_Task item_
Your answer must be an exact copy of the entries below, with no pictures in it.

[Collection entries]

Start of Block

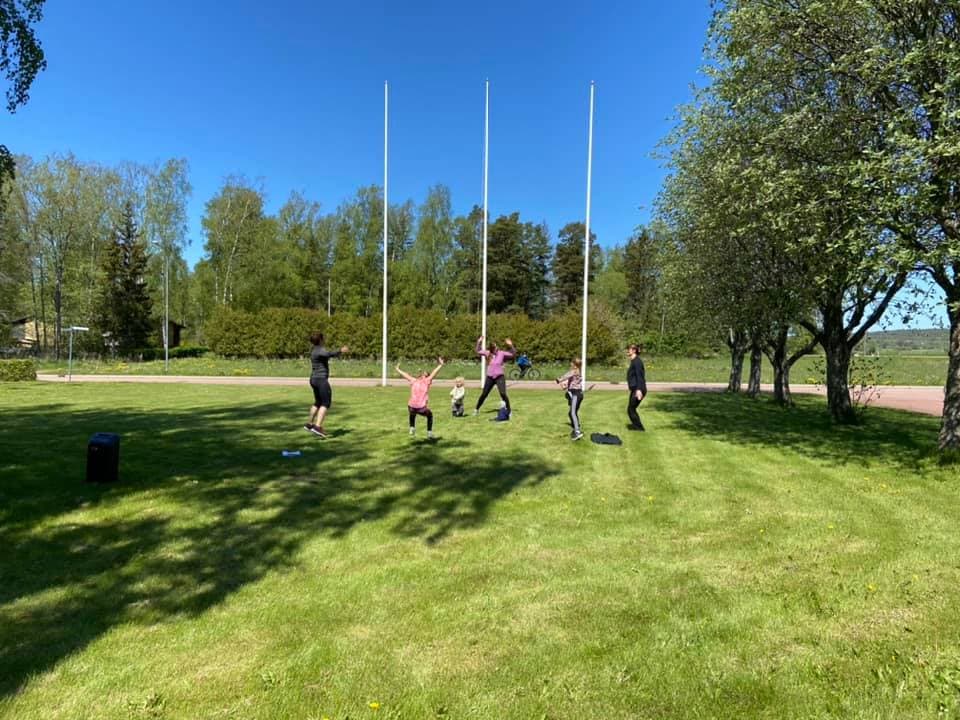 En grupp barn och vuxna deltar i en utomhusaktivitet på en gräsmatta med flaggstänger i bakgrunden. De rör sig med uppsträckta armar, och skuggorna från träden faller över gräset.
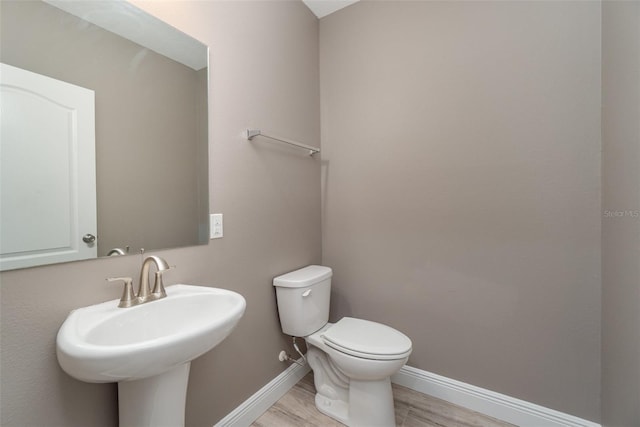 bathroom with sink, wood-type flooring, and toilet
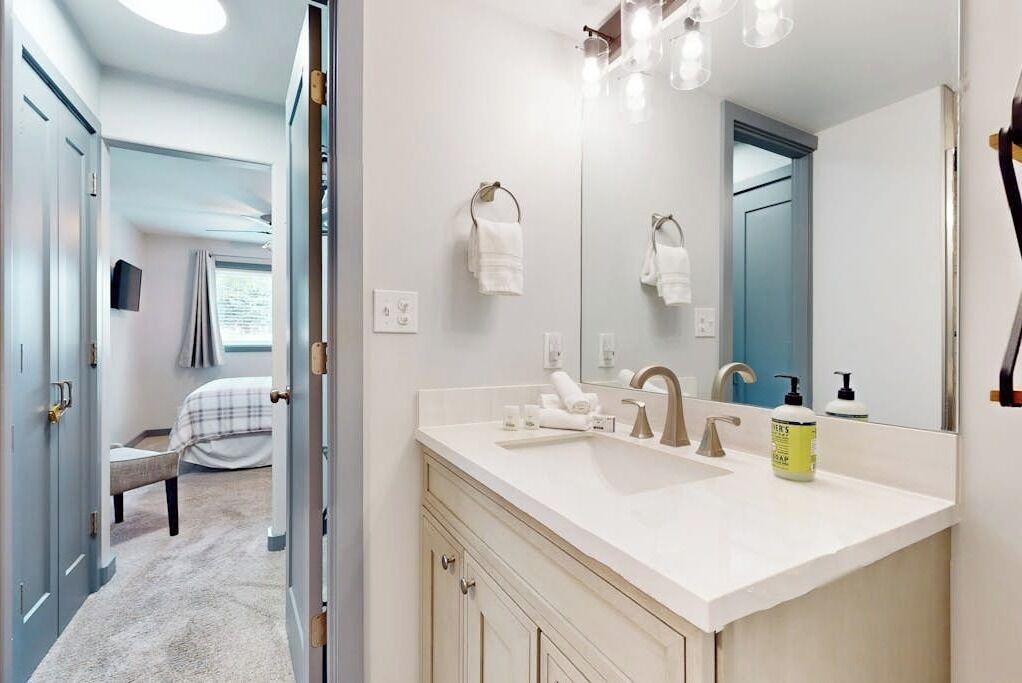 A modern bathroom with a large mirror, a sink, and a shower.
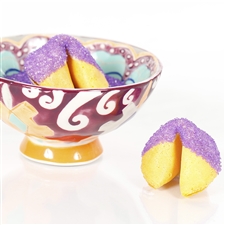 All natural vanilla fortune cookies hand dipped in white chocolate then decked out in purple amethyst bling.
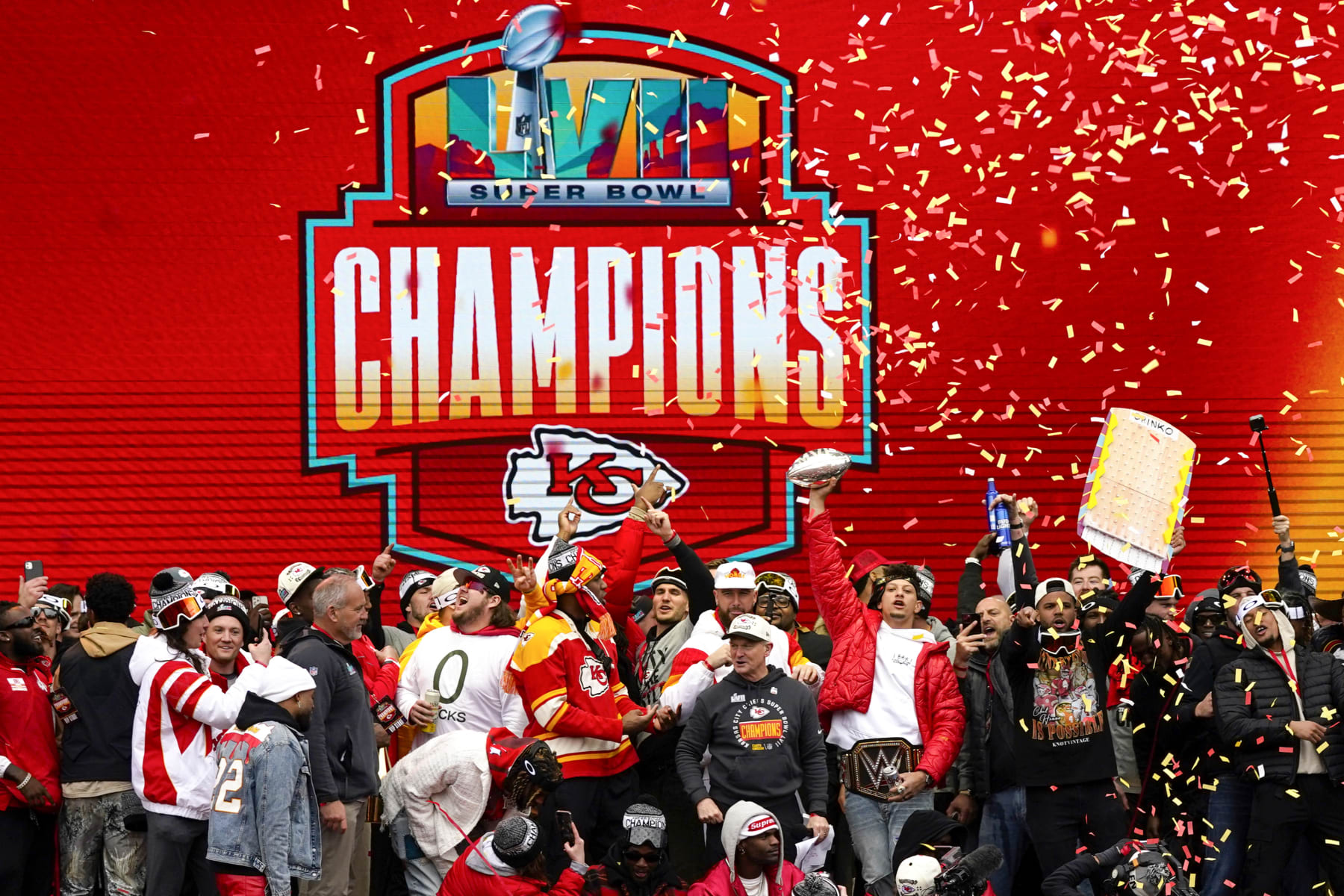 KANSAS CITY, MISSOURI - FEBRUARY 15: Patrick Mahomes #15 of the Kansas City Chiefs holds up the MVP trophy while celebrating with teammates during the Kansas City Chiefs Super Bowl LVII victory parade on February 15, 2023 in Kansas City, Missouri. (Photo by Jay Biggerstaff/Getty Images)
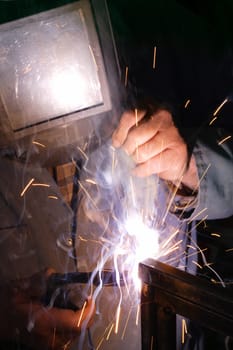 A welder using a mig torch to attach two pieces of metal.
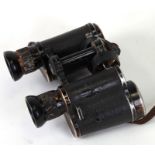 A pair of German military Carl Zeiss Jena Dienstglas 6x30 binoculars with correct eye piece cover.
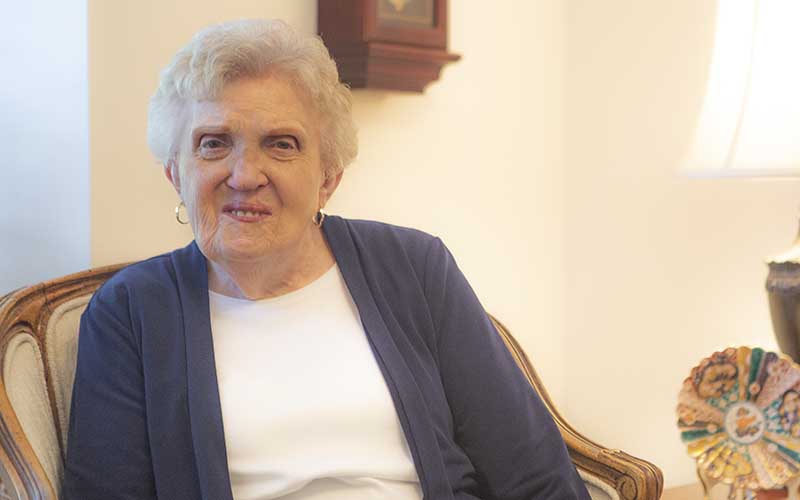 June Leifson seated in her living room.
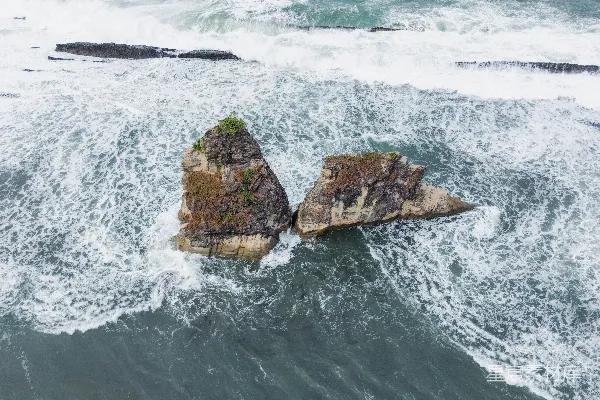 高清摄影 海浪在两块岩石周围翻滚。
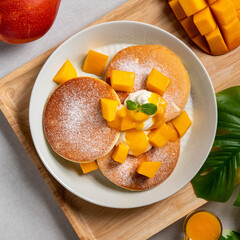 Delicious Japanese souffle pancake with dice mango and jam on white table background.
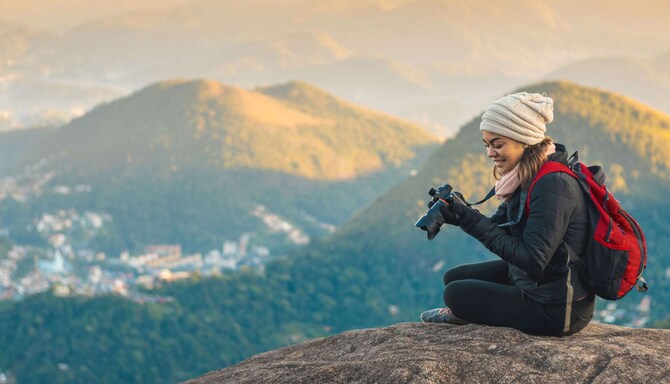 A woman sitting on a mountain while looking at her camera.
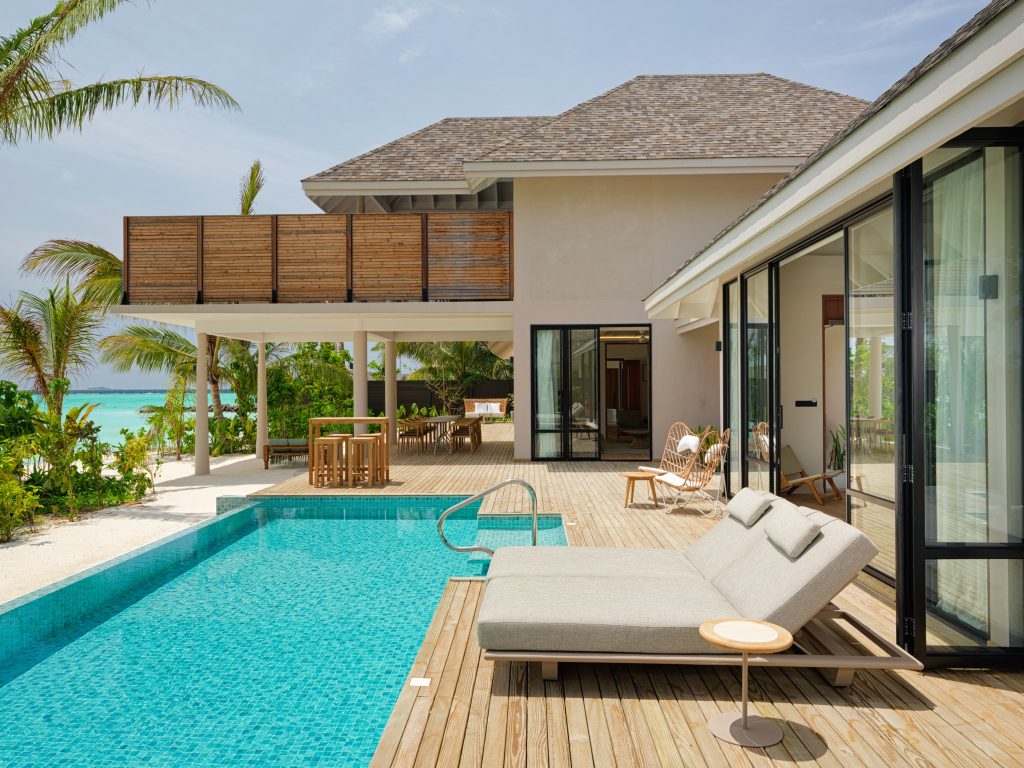Außenbereich ananea Madivaru Maldives mit blauem Pool, Holzterrasse und verputzten Wänden bei Tageslicht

End of Block

_Worked solution_
 En grupp barn och vuxna deltar i en utomhusaktivitet på en gräsmatta med flaggstänger i bakgrunden. De rör sig med uppsträckta armar, och skuggorna från träden faller över gräset.
 bathroom with sink, wood-type flooring, and toilet
 A modern bathroom with a large mirror, a sink, and a shower.
 All natural vanilla fortune cookies hand dipped in white chocolate then decked out in purple amethyst bling.
 KANSAS CITY, MISSOURI - FEBRUARY 15: Patrick Mahomes #15 of the Kansas City Chiefs holds up the MVP trophy while celebrating with teammates during the Kansas City Chiefs Super Bowl LVII victory parade on February 15, 2023 in Kansas City, Missouri. (Photo by Jay Biggerstaff/Getty Images)
 A welder using a mig torch to attach two pieces of metal.
 A pair of German military Carl Zeiss Jena Dienstglas 6x30 binoculars with correct eye piece cover.
 June Leifson seated in her living room.
 高清摄影 海浪在两块岩石周围翻滚。
 Delicious Japanese souffle pancake with dice mango and jam on white table background.
 A woman sitting on a mountain while looking at her camera.
Außenbereich ananea Madivaru Maldives mit blauem Pool, Holzterrasse und verputzten Wänden bei Tageslicht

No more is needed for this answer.